The spectral density of dense random networks and the breakdown of the Wigner semicircle law

TL;DR

This paper investigates how network topology influences the spectral density of dense random networks, revealing conditions under which the Wigner semicircle law breaks down and identifying universal spectral behaviors.

Contribution

It introduces a relation between eigenvalue moments and degree variance, providing a new classification of spectral density behaviors in dense networks.

Findings

Spectral density depends on degree fluctuations in dense networks.

Exponential degree distributions lead to a logarithmic singularity in spectral density.
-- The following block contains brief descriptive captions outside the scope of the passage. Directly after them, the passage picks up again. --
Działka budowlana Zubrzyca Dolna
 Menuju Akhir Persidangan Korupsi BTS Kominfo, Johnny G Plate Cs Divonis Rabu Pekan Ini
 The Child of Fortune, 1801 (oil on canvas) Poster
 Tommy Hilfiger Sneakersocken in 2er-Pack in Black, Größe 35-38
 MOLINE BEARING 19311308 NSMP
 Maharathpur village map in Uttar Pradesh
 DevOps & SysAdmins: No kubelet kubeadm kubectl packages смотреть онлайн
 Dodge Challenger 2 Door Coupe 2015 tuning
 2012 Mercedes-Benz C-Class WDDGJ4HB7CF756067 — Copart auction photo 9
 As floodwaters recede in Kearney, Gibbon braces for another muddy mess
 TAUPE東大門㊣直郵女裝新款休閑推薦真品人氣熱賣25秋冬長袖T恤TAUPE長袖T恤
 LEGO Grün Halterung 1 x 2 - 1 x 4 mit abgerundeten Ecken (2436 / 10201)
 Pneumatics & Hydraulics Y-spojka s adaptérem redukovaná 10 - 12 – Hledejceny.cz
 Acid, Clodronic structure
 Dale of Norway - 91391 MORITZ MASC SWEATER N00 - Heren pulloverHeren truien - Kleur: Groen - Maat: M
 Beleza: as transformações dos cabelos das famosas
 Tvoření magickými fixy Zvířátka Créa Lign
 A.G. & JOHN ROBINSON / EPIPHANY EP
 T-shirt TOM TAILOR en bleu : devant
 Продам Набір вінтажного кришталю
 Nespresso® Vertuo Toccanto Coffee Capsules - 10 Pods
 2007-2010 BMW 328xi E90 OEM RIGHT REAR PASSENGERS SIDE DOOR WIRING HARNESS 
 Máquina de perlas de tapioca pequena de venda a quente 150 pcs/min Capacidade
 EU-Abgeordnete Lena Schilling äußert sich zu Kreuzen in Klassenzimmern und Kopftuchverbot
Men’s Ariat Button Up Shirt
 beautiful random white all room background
A criterion for the breakdown of the Wigner semicircle law is established.

Abstract

Although the spectra of random networks have been studied for a long time, the influence of network topology on the dense limit of network spectra remains poorly understood. By considering the configuration model of networks with four distinct degree distributions, we show that the spectral density of the adjacency matrices of dense random networks is determined by the strength of the degree fluctuations. In particular, the eigenvalue distribution of dense networks with an exponential degree distribution is governed by a simple equation, from which we uncover a logarithmic singularity in the spectral density. We also derive a relation between the fourth moment of the eigenvalue distribution and the variance of the degree distribution, which leads to a sufficient condition for the breakdown of the Wigner semicircle law for dense random networks. Based on the same relation, we propose a classification scheme of the distinct universal behaviours of the spectral density in the dense limit. Our theoretical findings should lead to important insights on the mean-field behaviour of models defined on graphs.